● **LISTED ENTRIES**:
• • • • •

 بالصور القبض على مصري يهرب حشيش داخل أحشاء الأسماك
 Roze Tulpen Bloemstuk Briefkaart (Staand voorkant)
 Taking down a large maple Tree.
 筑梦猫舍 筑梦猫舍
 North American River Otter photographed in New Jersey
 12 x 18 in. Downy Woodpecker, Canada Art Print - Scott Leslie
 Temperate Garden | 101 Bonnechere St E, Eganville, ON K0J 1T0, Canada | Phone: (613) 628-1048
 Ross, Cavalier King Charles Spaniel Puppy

• • • • •

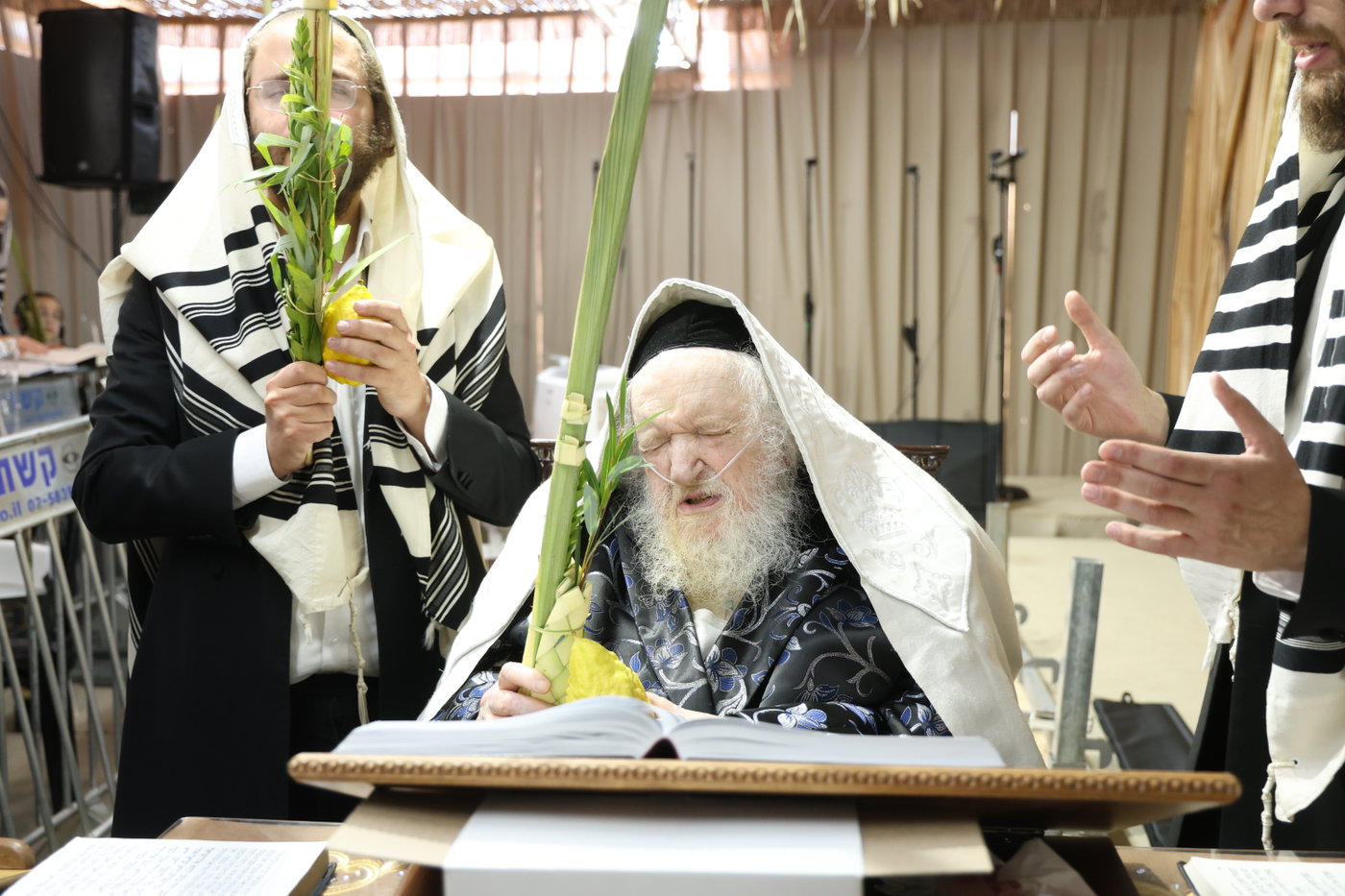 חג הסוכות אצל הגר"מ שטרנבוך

• • • • •

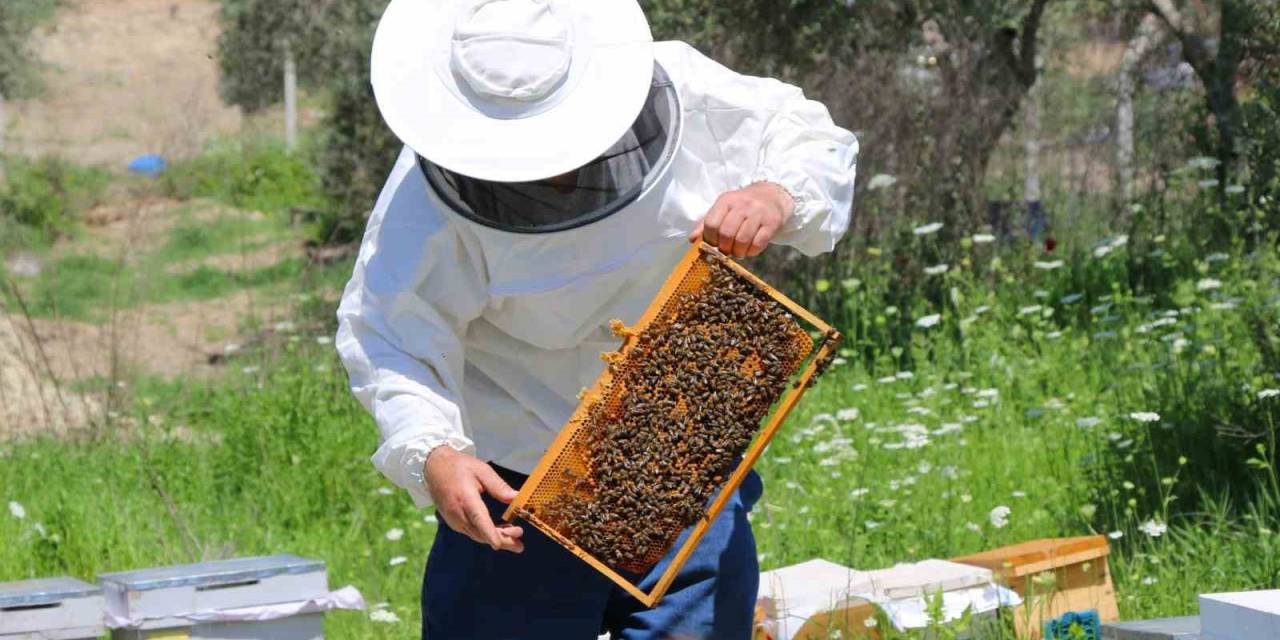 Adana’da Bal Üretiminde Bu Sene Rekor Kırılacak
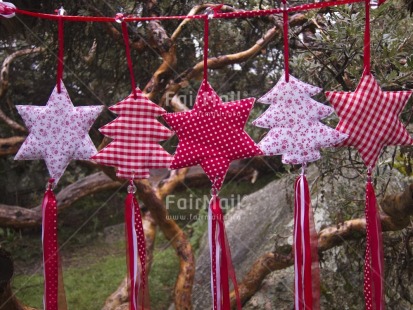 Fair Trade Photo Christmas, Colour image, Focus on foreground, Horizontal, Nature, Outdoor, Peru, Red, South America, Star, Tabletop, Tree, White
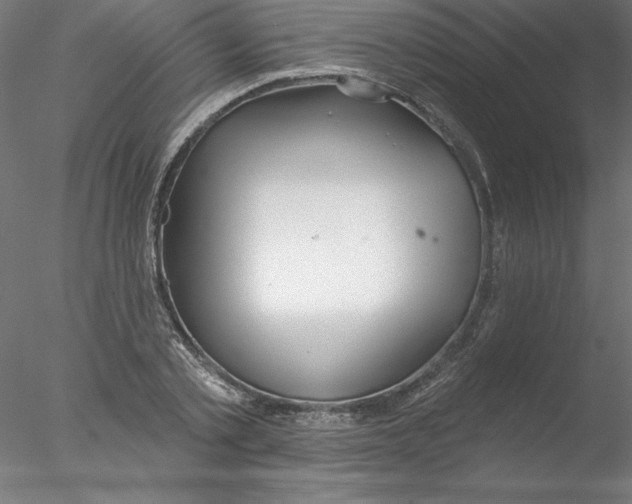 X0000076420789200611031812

• • • • •

● **EXERCISE AIM**: In the data above, find the line with "بالصور القبض على" and the line with "Ross, Cavalier King Charles Spaniel Puppy". Retype both, plus every line between them, exactly.

● **OUTPUT FOR THIS EXERCISE**:
 بالصور القبض على مصري يهرب حشيش داخل أحشاء الأسماك
 Roze Tulpen Bloemstuk Briefkaart (Staand voorkant)
 Taking down a large maple Tree.
 筑梦猫舍 筑梦猫舍
 North American River Otter photographed in New Jersey
 12 x 18 in. Downy Woodpecker, Canada Art Print - Scott Leslie
 Temperate Garden | 101 Bonnechere St E, Eganville, ON K0J 1T0, Canada | Phone: (613) 628-1048
 Ross, Cavalier King Charles Spaniel Puppy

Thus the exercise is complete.